Salazar era um crítico quer do liberalismo quer do socialismo. Mas a ideia primordial de tornar o Estado uma pessoa de bem tornou-o, nesta matéria, um defensor acérrimo daquele que é, na minha opinião, o primeiro e o mais importante princípio prático do liberalismo: respeitar os outros, o que significa, em primeiro lugar, cumprir as nossas obrigações para com eles.
.
E, sendo o Estado o árbitro e o juiz das relações sociais - a instituição cuja principal função é assegurar a justiça - a ideia de que o Estado deve ser uma pessoa de bem torna-se ainda mais importante, porque ninguém consegue ser um bom juiz quando não é capaz de dar o exemplo nas situações que ele próprio um dia terá de julgar. E, na verdade, o Estado Novo tornou-se um exemplo no cumprimento escrupuloso dos seus contratos e dos seus pagamentos - uma cultura que se difundiu por toda a sociedade.
.
A revolução de 25 de Abril de 1974 produziu uma alteração radical nesta cultura. O Estado passou então a confiscar propriedade privada - propriedade que nunca pagou ou que só pagou décadas mais tarde e somente porque foi obrigado pelos tribunais (alguns, internacionais). E, nas suas relações económicas internas tornou-se o exemplo acabado daquilo que, no tempo do Estado Novo, se designava desprezivelmente por caloteiro - na realidade, o caloteiro número um do país e o maior de todos os caloteiros.
.
E, passados trinta e três anos, quem pretender encontrar exemplo em Portugal de quem não cumpra contratos ou outras obrigações ou só as cumpra quando quer, quem não pague quando deve, mas só quando muito bem lhe apetece, o exemplo por excelência é o Estado. E esta nova cultura propagou-se a toda a sociedade. A tal ponto que uma das frases mais ouvidas em Portugal, especialmente em períodos de crise económica como este, é: "ninguém paga a ninguém". Não surpreende, o Estado português há perto de 33 anos que dá o exemplo.
.
Não cumprir as suas obrigações para com os outros, não honrar os seus compromissos - não ser, enfim, uma pessoa de bem - tornou-se a cultura dominante e uma banalidade. Assim, por exemplo, o Público traz hoje na primeira página a notícia de que os utentes do SNS não pagam as taxas moderadoras:"Há hospitais no país com milhares de taxas moderadoras por cobrar.
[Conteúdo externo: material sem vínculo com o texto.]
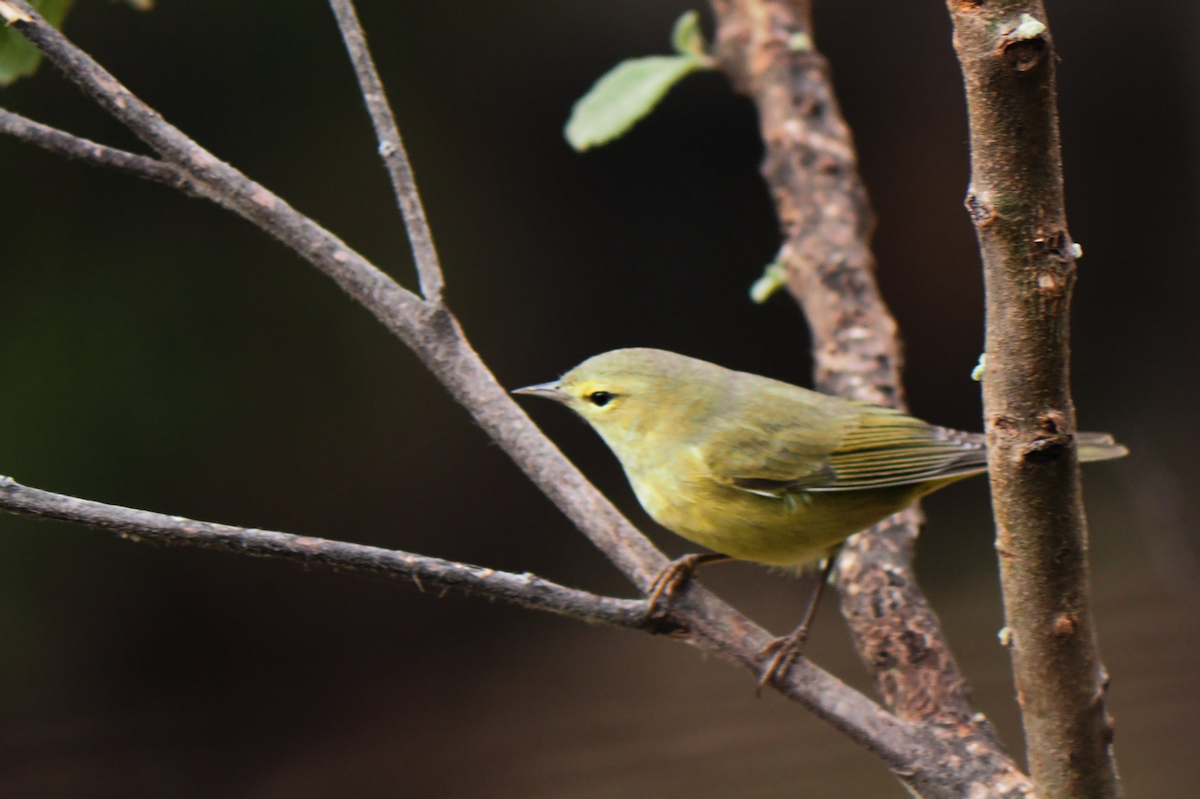 サメズアカアメリカムシクイ - ML647396302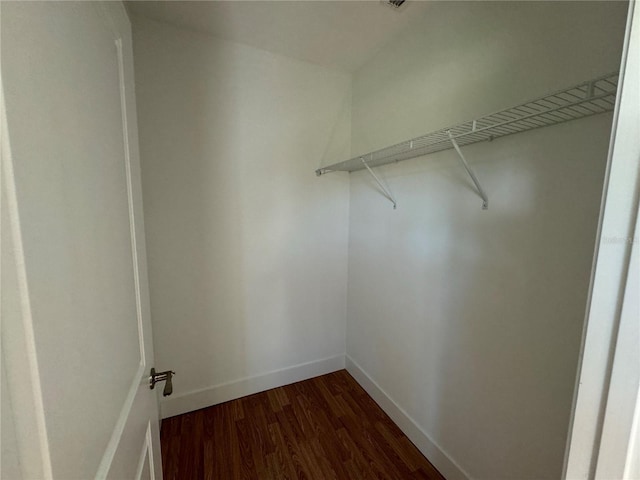 walk in closet featuring dark wood finished floors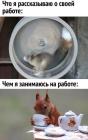 Прикрепленное изображение: Рассказываю о работе.jpg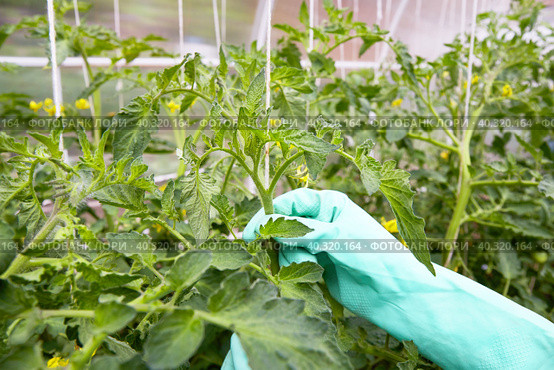 Formation of bushes of flowering tomato plants, removal of lateral shoots. Стоковое фото, фотограф Виктория Тельминова / Фотобанк Лори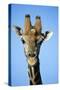 Maasai Giraffe-null-Stretched Canvas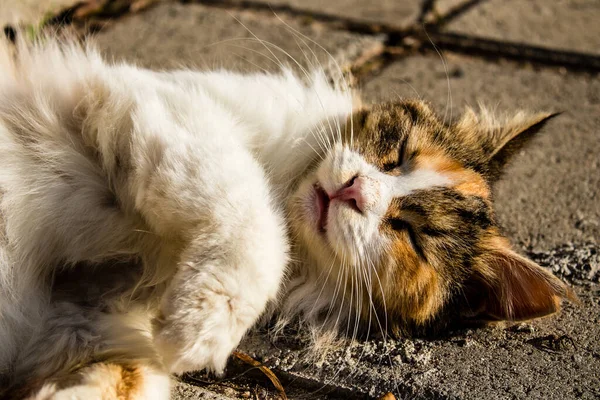 Paphos Chipre Enero 2022 Gatos Abandonados Que Residen Refugio Animales — Foto de Stock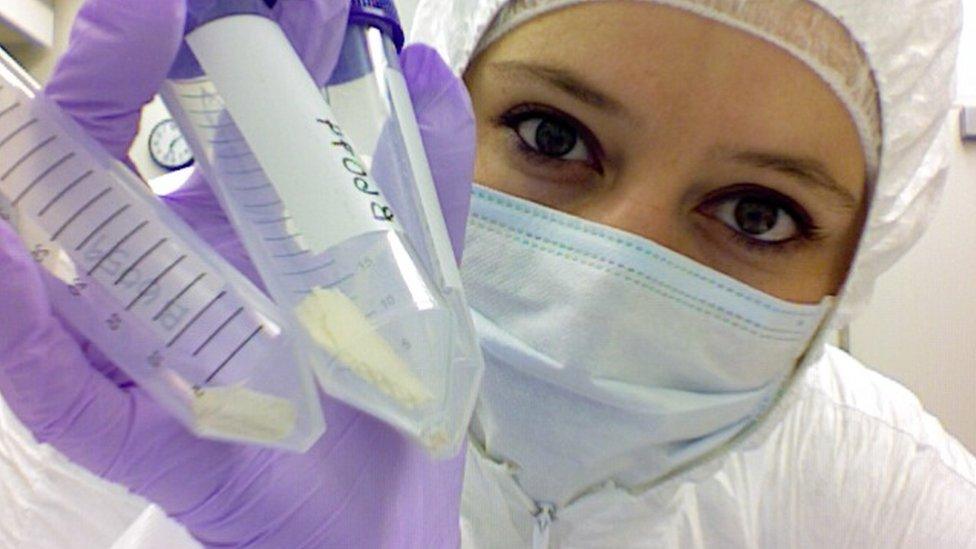 Scientist Alida de Flamingh with samples of ancient ivory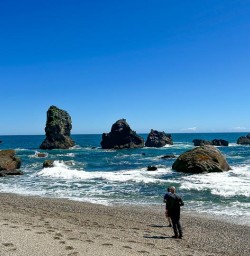 guests explore beaches of west coast GE16FEB26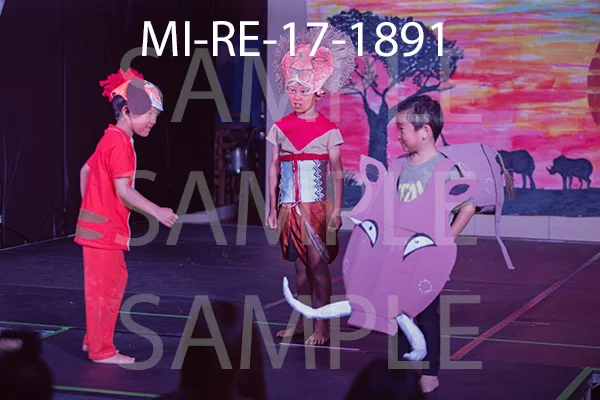 MI-RE-17-1891.jpg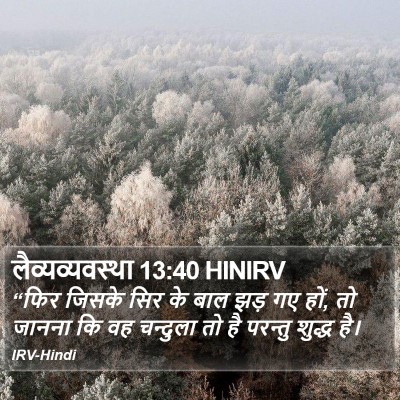लैव्यव्यवस्था 13:40 HINIRV Bible Verse Image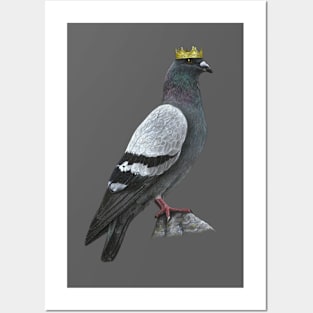 Rock dove Posters and Art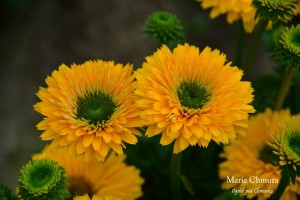 Jeżówka SunSeekers™ 'Golden Sun' (multipetals) K2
As facturas são passadas , mas os utentes ignoram-nas. (...) 'O grau de incobrança é muito grande', afirma o porta-voz do Ministério da Saúde, acrescentando que o problema é regra, não excepção". Mas o que seria de esperar se é o Estado que dá o exemplo (e, curiosamente, com o Ministério da Saúde à frente de todos os outros)?
.
Entre um país em que o Estado, primeiro, e os cidadãos em seguida, generalizadamente cumprem os seus contratos e outros compromissos, e um outro em que - tudo o resto sendo igual - o Estado, primeiro, e os cidadãos em seguida, não cumprem generalizadamente os seus contratos e outros compromissos, não é preciso ser economista para prever que o primeiro vai prosperar, enquanto o segundo vai estagnar ou mesmo regredir. Por isso o Estado Novo prosperou.